*EXERCISE BRIEF*
Among the entries that follow, the required portion opens with the line containing "Pages are required" and closes with the line containing "Hey everyone, it's". Give that portion again exactly, and nothing else.

*AVAILABLE DATA*
____
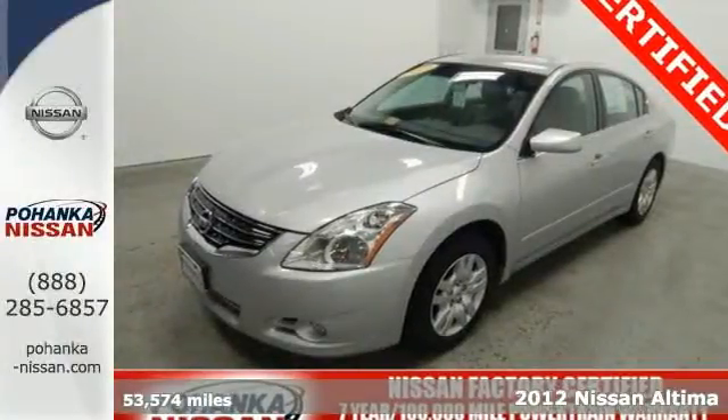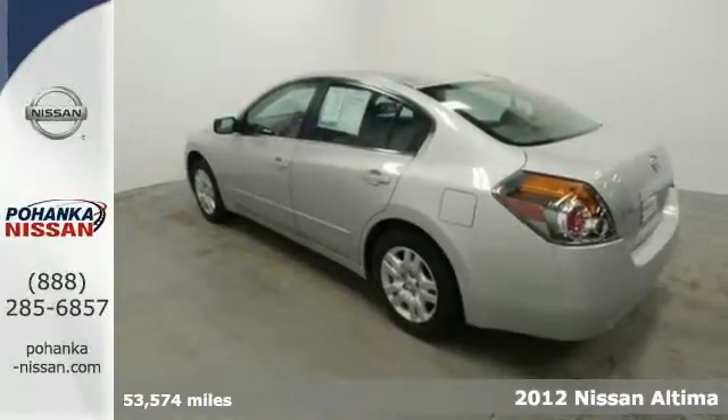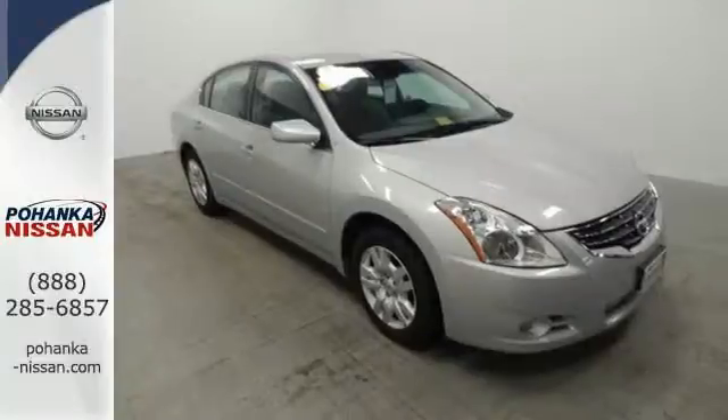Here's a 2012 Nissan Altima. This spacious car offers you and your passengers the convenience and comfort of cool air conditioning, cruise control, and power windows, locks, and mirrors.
____
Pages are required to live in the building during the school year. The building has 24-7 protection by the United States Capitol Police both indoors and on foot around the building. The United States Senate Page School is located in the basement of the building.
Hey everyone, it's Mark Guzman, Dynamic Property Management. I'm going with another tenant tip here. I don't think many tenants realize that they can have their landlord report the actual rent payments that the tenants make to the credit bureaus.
____
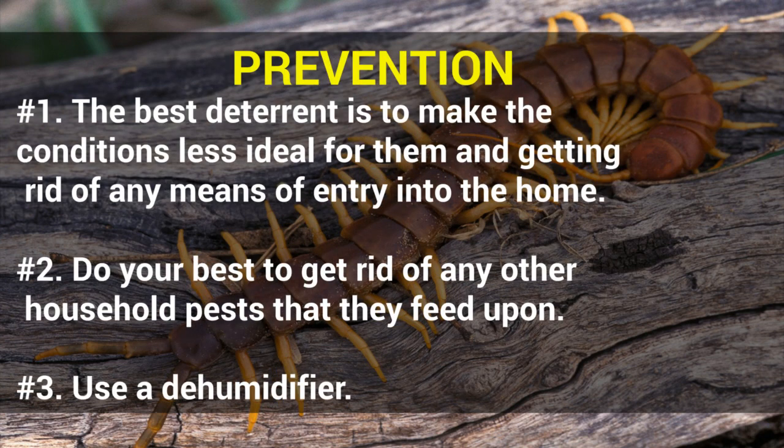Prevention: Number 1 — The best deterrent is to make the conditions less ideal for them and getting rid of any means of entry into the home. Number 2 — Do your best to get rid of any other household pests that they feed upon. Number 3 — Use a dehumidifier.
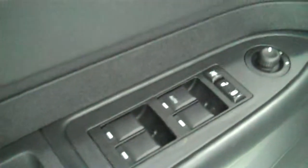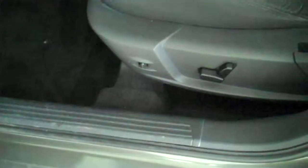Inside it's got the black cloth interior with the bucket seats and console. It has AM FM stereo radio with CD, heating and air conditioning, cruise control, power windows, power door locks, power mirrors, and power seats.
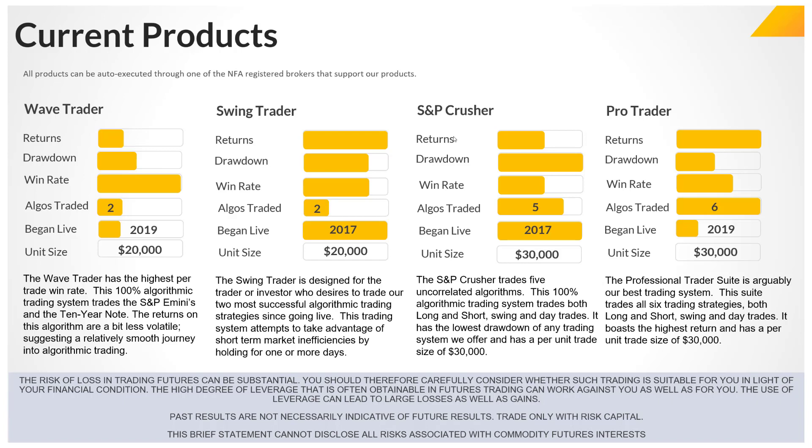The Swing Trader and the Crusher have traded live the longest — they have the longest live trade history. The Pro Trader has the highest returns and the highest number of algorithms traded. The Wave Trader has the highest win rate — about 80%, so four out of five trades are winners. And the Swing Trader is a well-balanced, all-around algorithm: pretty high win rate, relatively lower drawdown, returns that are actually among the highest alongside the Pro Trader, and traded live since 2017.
____
*EXERCISE RESPONSE*
Pages are required to live in the building during the school year. The building has 24-7 protection by the United States Capitol Police both indoors and on foot around the building. The United States Senate Page School is located in the basement of the building.
Hey everyone, it's Mark Guzman, Dynamic Property Management. I'm going with another tenant tip here. I don't think many tenants realize that they can have their landlord report the actual rent payments that the tenants make to the credit bureaus.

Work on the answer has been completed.